[Scraped caption text data]
______

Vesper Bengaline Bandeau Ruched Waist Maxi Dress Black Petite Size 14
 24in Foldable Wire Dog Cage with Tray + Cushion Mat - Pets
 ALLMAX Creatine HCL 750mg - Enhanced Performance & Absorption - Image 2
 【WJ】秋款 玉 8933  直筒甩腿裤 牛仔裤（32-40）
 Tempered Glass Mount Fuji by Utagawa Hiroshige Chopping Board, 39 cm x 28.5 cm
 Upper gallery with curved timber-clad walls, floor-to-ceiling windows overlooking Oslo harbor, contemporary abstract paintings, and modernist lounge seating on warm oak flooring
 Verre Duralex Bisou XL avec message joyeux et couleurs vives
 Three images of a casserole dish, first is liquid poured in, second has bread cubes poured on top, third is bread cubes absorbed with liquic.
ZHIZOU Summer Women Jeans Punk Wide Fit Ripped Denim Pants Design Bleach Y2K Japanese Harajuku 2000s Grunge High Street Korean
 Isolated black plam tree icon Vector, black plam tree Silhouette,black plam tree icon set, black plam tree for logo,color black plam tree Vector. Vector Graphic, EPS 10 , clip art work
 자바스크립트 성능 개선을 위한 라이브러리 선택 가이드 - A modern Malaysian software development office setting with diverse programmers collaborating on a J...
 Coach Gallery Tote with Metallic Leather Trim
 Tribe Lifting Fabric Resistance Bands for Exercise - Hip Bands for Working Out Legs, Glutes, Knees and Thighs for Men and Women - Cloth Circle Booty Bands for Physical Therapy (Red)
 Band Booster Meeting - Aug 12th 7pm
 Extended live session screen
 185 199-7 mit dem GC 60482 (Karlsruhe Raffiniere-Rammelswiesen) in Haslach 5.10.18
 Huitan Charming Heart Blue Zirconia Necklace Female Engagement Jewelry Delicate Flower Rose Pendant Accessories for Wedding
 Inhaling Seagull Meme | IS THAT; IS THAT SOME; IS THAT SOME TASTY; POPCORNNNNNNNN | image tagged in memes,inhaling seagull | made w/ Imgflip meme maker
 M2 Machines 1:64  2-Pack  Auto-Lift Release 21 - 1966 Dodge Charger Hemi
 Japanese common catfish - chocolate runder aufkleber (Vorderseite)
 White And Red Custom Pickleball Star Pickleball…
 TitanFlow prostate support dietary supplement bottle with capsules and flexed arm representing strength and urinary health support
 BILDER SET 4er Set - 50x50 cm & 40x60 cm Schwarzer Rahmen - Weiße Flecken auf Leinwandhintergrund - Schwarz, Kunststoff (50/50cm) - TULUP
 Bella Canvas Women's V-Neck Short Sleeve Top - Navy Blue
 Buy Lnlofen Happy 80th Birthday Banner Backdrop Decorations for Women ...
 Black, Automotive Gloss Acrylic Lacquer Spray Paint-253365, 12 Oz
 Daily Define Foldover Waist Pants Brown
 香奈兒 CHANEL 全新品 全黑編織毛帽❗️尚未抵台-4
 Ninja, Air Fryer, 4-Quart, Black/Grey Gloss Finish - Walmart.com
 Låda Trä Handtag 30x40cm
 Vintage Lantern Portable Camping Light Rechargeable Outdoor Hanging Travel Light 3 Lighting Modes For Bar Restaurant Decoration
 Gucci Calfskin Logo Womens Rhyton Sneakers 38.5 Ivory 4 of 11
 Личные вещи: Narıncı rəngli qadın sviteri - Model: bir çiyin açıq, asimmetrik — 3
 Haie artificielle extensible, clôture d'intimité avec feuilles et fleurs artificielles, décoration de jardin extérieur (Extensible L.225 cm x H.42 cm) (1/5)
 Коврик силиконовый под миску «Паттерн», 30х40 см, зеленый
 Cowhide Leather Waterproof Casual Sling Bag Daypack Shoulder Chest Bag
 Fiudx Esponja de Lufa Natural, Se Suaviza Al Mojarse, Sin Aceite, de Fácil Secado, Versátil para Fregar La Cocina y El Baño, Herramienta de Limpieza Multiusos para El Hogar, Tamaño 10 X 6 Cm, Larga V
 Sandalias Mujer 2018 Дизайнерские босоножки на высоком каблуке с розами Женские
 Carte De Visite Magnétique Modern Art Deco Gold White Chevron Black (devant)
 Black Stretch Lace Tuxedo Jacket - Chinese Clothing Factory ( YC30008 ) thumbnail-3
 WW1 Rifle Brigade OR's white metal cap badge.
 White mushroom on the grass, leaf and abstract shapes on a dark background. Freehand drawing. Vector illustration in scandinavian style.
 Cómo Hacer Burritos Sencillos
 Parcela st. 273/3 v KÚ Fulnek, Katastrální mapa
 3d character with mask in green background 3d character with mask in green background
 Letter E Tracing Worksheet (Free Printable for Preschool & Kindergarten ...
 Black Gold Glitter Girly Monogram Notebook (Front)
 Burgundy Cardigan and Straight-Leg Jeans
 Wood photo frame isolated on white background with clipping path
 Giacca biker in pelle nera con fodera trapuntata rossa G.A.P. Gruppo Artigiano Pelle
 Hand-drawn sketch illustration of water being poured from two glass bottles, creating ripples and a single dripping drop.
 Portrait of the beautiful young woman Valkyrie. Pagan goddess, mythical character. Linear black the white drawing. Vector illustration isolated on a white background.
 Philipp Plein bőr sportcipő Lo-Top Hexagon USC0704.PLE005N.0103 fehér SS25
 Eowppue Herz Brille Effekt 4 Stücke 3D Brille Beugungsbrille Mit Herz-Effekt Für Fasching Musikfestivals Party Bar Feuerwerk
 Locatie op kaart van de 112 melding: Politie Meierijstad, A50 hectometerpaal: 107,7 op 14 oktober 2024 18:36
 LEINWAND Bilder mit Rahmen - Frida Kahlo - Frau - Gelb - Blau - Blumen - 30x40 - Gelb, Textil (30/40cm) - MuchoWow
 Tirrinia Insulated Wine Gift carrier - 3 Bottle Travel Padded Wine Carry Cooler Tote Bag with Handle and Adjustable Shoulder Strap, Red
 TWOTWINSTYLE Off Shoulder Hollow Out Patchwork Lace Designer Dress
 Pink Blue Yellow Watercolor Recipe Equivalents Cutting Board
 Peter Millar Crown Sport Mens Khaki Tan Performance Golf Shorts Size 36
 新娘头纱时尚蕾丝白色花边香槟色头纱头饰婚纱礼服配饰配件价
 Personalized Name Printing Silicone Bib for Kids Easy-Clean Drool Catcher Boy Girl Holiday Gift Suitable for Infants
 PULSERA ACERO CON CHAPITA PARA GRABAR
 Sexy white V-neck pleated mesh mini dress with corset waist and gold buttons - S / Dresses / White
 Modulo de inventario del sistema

______

- _WORK ORDER_:
Reproduce exactly the lines above from the line with "Extended live session screen" to the line with "White And Red", including both, and add nothing.

- _EXERCISE OUTPUT_:
 Extended live session screen
 185 199-7 mit dem GC 60482 (Karlsruhe Raffiniere-Rammelswiesen) in Haslach 5.10.18
 Huitan Charming Heart Blue Zirconia Necklace Female Engagement Jewelry Delicate Flower Rose Pendant Accessories for Wedding
 Inhaling Seagull Meme | IS THAT; IS THAT SOME; IS THAT SOME TASTY; POPCORNNNNNNNN | image tagged in memes,inhaling seagull | made w/ Imgflip meme maker
 M2 Machines 1:64  2-Pack  Auto-Lift Release 21 - 1966 Dodge Charger Hemi
 Japanese common catfish - chocolate runder aufkleber (Vorderseite)
 White And Red Custom Pickleball Star Pickleball…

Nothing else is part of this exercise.